For two years, my life revolved around those paper bags of cue words and a letter a day — targeting sounds in the hope that if he heard them he would repeat them. The average child needed to hear a sound 8 to 10 times to repeat it. In his subgroup of late talkers, the average child needed to hear those same sounds 75 to 100 times to repeat them. With my son, in those early days of speech therapy, I calculated it took 750 to 1,000 repetitions of a sound for him to repeat it. For months, we read B books, did B finger plays, and more. Finally, two months into speech therapy, he had a Helen Keller moment. As he looked at a picture book about Halloween, he pointed to a picture and said, "Bats." It was his first spontaneous "b" word and was as thrilling to us as w-a-t-e-r must have been to Annie Sullivan.
His next "b" word wasn't quite so thrilling. As I took the kids through the grocery store, my 5-year-old daughter pointed to a sign in the meat department, reading, "Pork butts!" My son, sitting in the grocery cart, went through the rest of my shopping expedition shouting, "Butts! Butts! Butts!" I did not stop him because we had worked so hard to get that "b" sound, and I ignored the puzzled stares of other customers.
His speech eventually came, and I realized he would need a more formal phonics program, one with auditory discrimination, so we went with Saxon Publishers. The daily lesson plans helped me reinforce his speech sounds while hammering home those ever-so-valuable phonics rules. A friend sold the used curriculum to me.
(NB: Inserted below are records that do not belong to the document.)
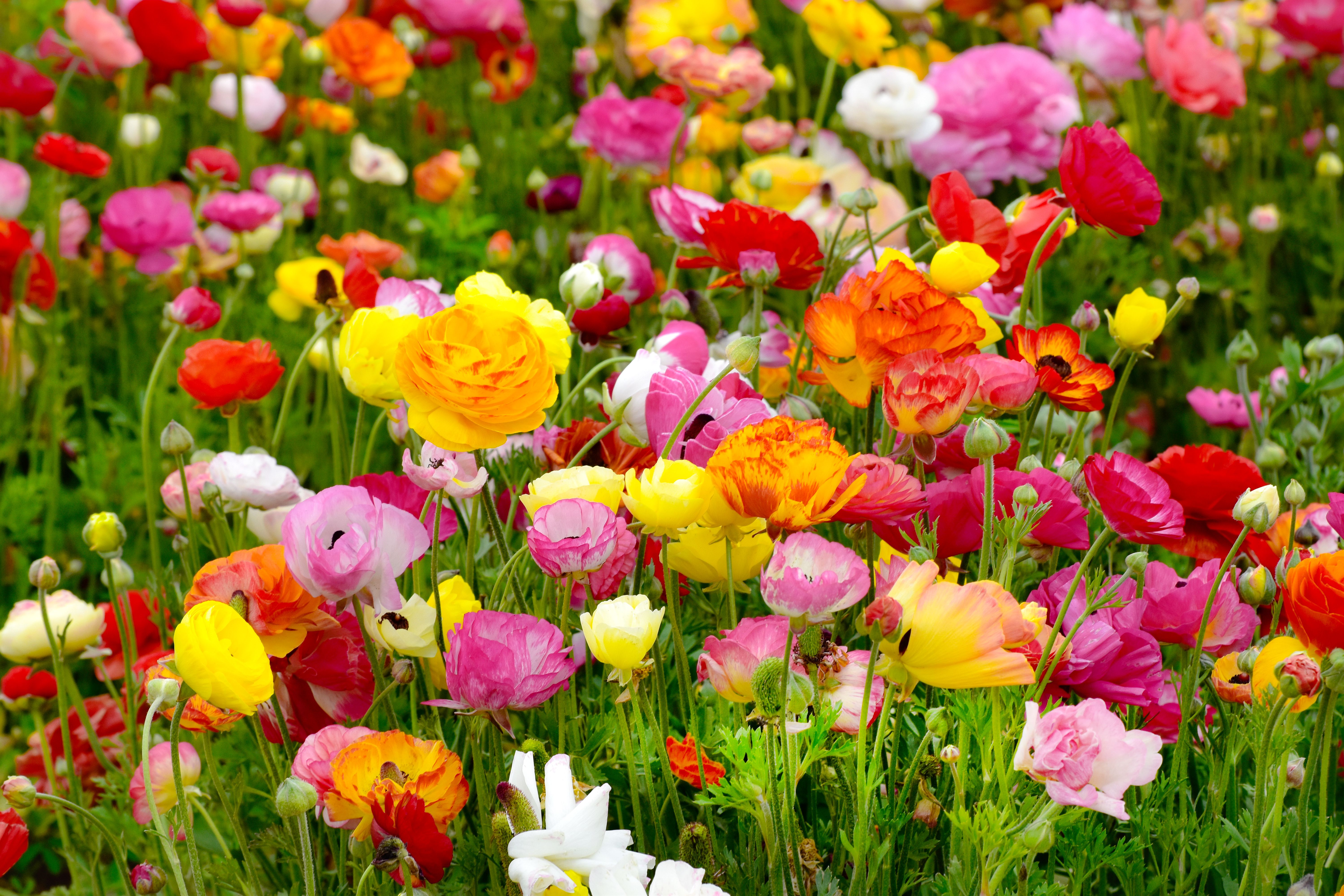 How to Plant and Grow Ranunculus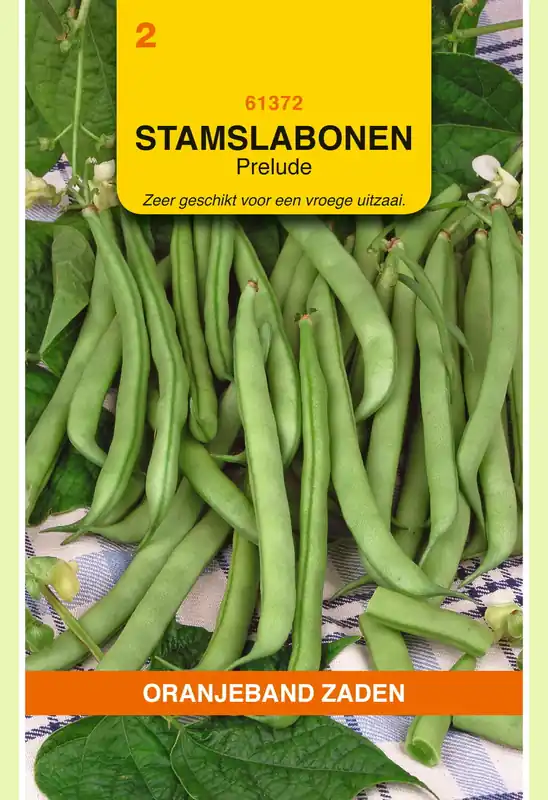 Voordelig | OBZ Stamslabonen Prelude, 25g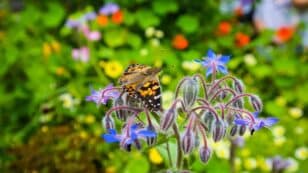 UK Butterfly Numbers at Record Low in ‘Warning Sign to Us All,’ Conservationists Report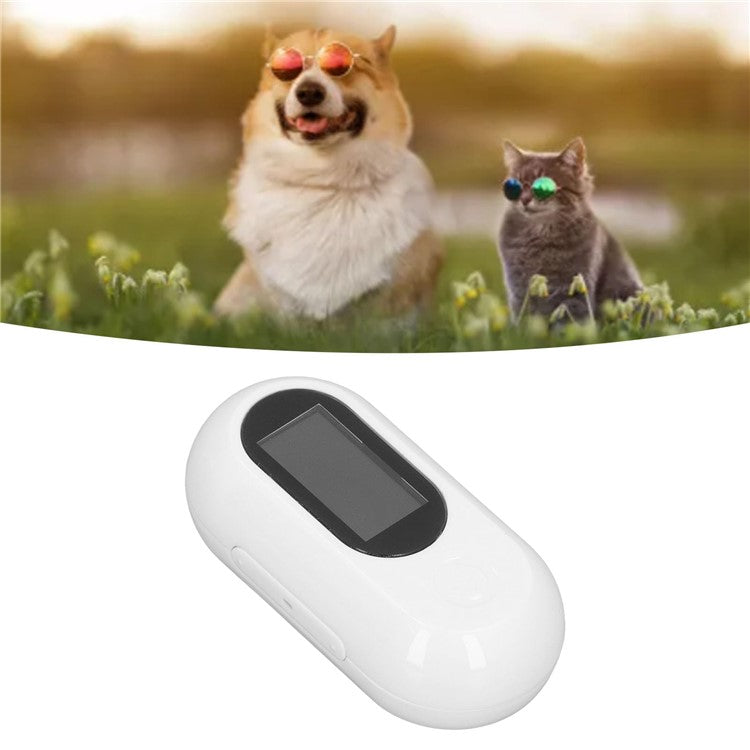 Cat Dog Camera Collar with Camera Video Record Wireless Mini Sport Body Camera - TechGearPal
As we started the rigorous phonics, I realized his speech therapy for 2 years had more than prepared him for phonics. All by way of some simple paper bags with pictures in them.
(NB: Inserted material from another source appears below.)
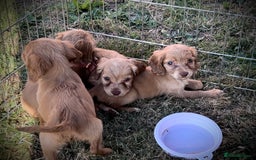 Cocker Spaniel dogs for sale: Gorgeous Lemon Cocker Spaniel Pups in Fordingbridge - Image 5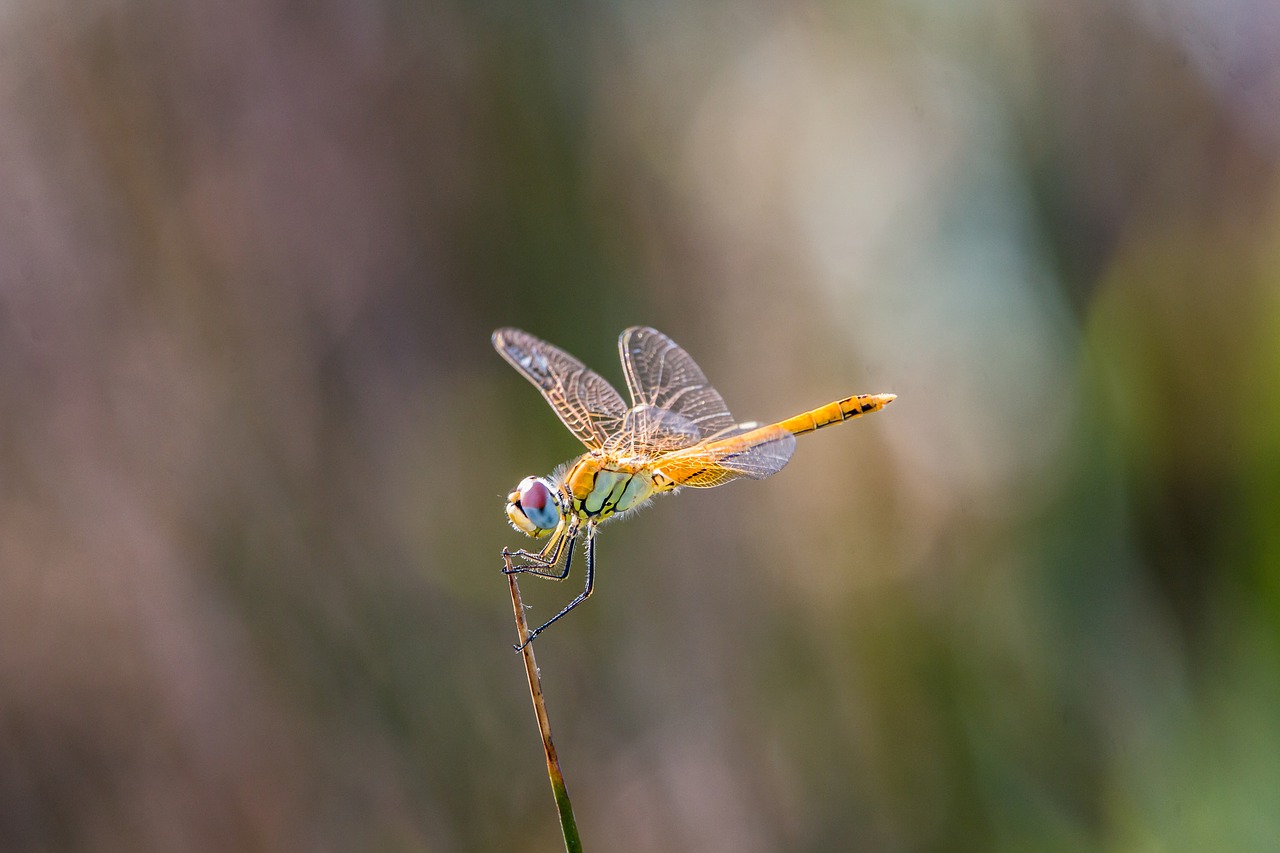 Image - dragonfly golden dragonfly macro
The most important thing I have learned as a homeschool mother is that we need to use the tools we have — the ones God has already provided for us. For my daughter, it was a broken computer keyboard. For my son, it was a set of paper bags from the therapists and then a used, discounted phonics program. Two children — two different needs. Sometimes we can use the same methods from one child to the next. Other times, we cannot.
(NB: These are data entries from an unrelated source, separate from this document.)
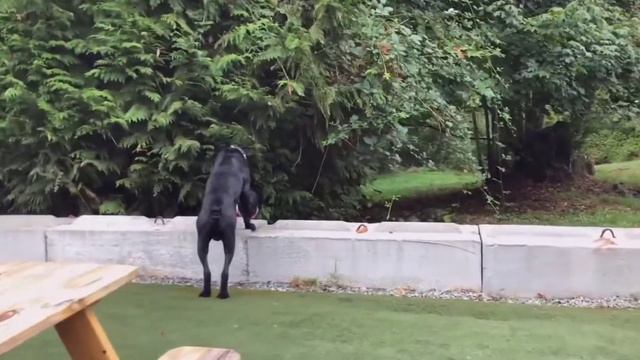 14 Most Aggressive Guard Dog Breeds In The World смотреть онлайн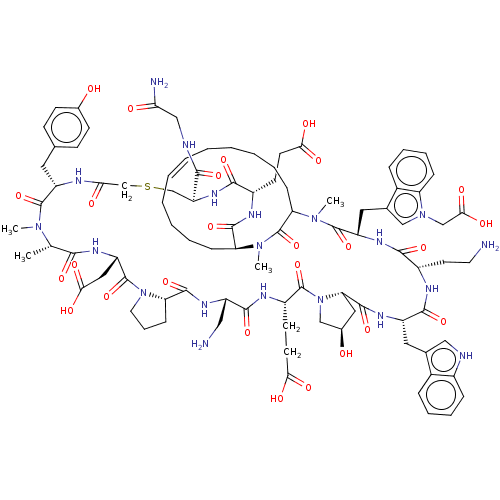 PNG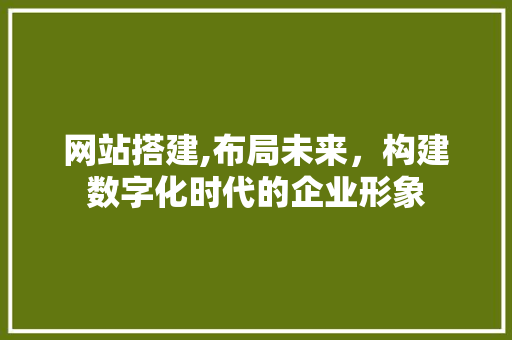 网站搭建,布局未来，构建数字化时代的企业形象 网站搭建,布局未来，构建数字化时代的企业形象 搜狗SEO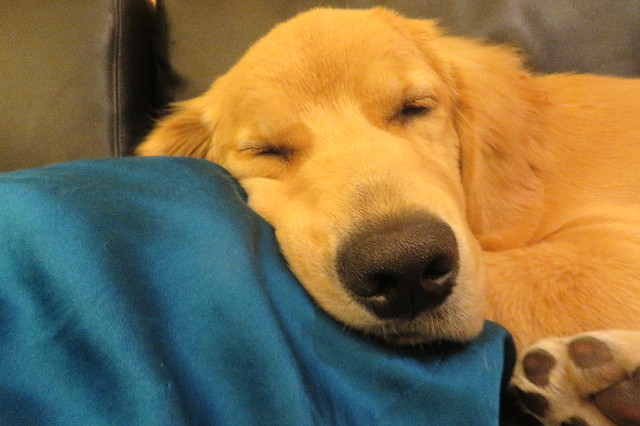 ファイル 6856-2.jpg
The tools we have may not be as important as how we use them. Do we use them thoroughly and aim for mastery of material? Or do we set a goal to quickly get through the workbooks and call that mastery? A combination of those two perspectives will give our kids the most balanced education. Is our goal to finish 6th grade language? Or is it to give our children the tools of language so they can read, write, speak, think, and act in an educated manner?
Last spring, I worked through how best to prepare my daughter for her 8th grade year. Which language book would I use? As I struggled, I remembered that last summer, I ran into a homeschool father who handed a book to me and said I might make use of it one day. I had no intention of using it but had thrown it on the shelf and forgotten about it. When I remembered, I opened it and found exactly what I needed. God provided it for me last summer, a year before I needed it or even knew I needed it.
If you struggle with what to use, remember to first make the best use of what you have. The rest will follow.